163) “NASA and other space agencies have been caught time and again with air bubbles forming and floating off in their official “outer-space” footage. Astronauts have also been caught using scuba-space-gear, kicking their legs to move, and astronaut Luca Parmitano even almost drowned when water started filling up his helmet while allegedly on a “space-walk.” It is admitted that astronauts train for their “space-walks” in under-water training facilities like NASA’s “Neutral Buoyancy Lab,” but what is obvious from their “space bubbles,” and other blunders is that all official “space-walk” footage is also fake and filmed under-water.”
More claims without evidence!
Please show us such bubbles in video that is not obviously and openly showing pre-flight training in pools (the only way to simulate long periods of working in a weightless environment on Earth).
The only bubbles I’ve ever seen were obviously the opposite of the bubbles you get in a swimming pool; they were very obviously weightless blobs OF water within the air, not the reverse as we see in pools on earth. The astronauts were laughing and playing with the bubbles, catching them in their mouths, with no helmets on. If that had been under water, they would have drowned.
“Luca Parmitano even almost drowned when water started filling up his helmet”:
He certainly did, and the same problem happened during the recent live broadcast of British astronaut Tim Peake’s first space walk from the International Space Station. His companion was being blinded by blobs of water floating weightless in his helmet, and the walk had to be cut short.
Interestingly, this was the same spacesuit that Parmitano was wearing on the previous occasion. Sounds like a persistent fault.
So where did the water come from? There were two possible sources, and we can tell which one it was in this case.
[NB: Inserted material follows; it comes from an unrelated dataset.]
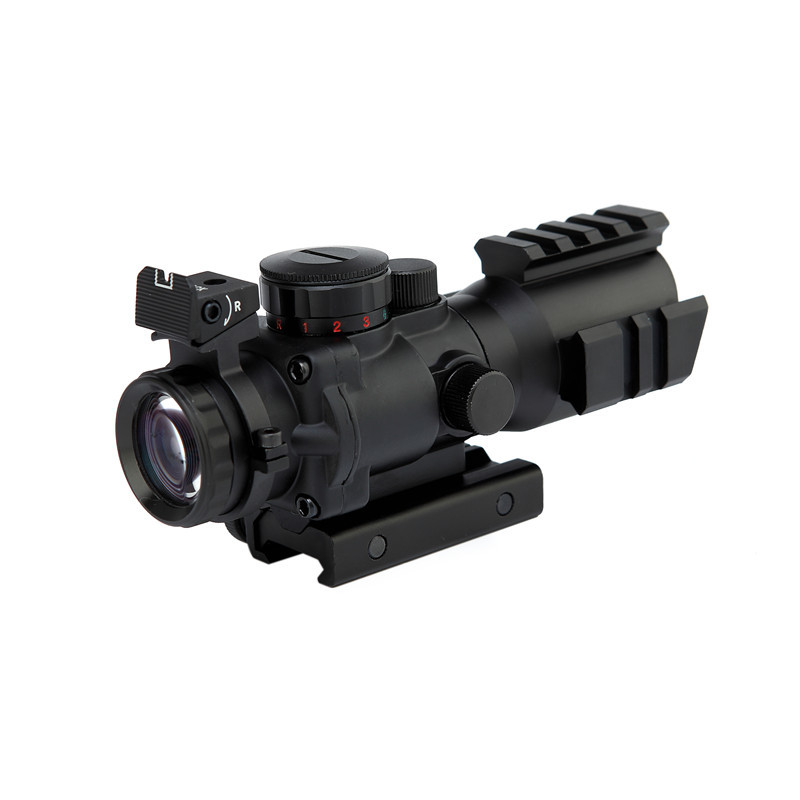 4x32 R/G/B 3 Colors Illuminted Glass Reticle Prism Scope With Decorative Fiber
The astronauts need water to drink, of course, during walks lasting for hours. If that leaks, the water will be coming from the front, up into their faces.That’s not what happened in these two case, though.
The astronauts reported that the water was coming from behind their heads, over the top.
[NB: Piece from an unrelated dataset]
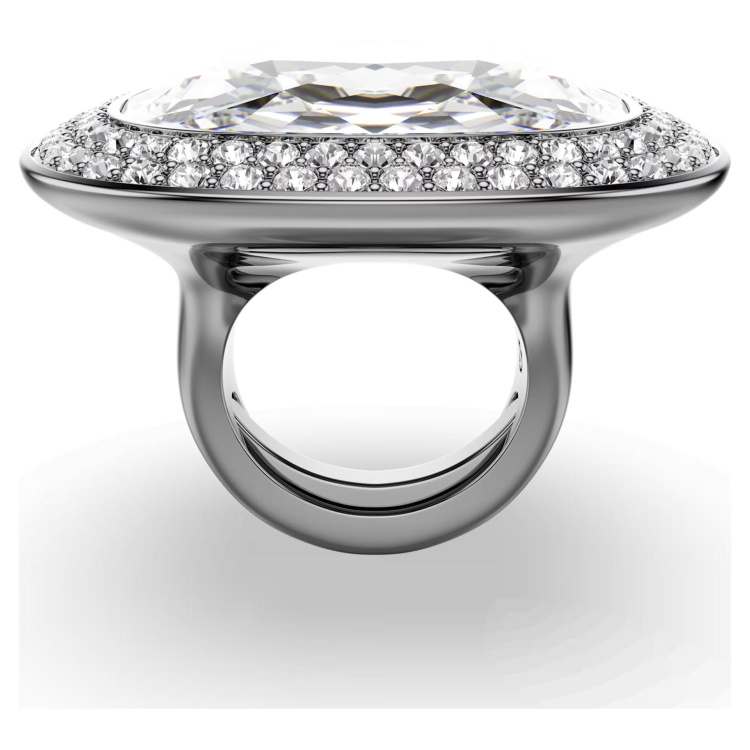 Una Angelic cocktail ring Cushion cut, White, Ruthenium plated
The other source is the cooling system in the space suit. The sun gets very hot, and water is cooled and circulated to counteract that heat. If that leaks into the helmet, it will come from behind, and over the top of the wearer’s head. And that’s what happened in these two cases.
Nasa or the suit’s manufacturers will send you blueprints of how the suits work, if you want the details. And let’s have the raw video you mention in point 164, the detailed analysis, the qualification of those who did it, and any other evidence.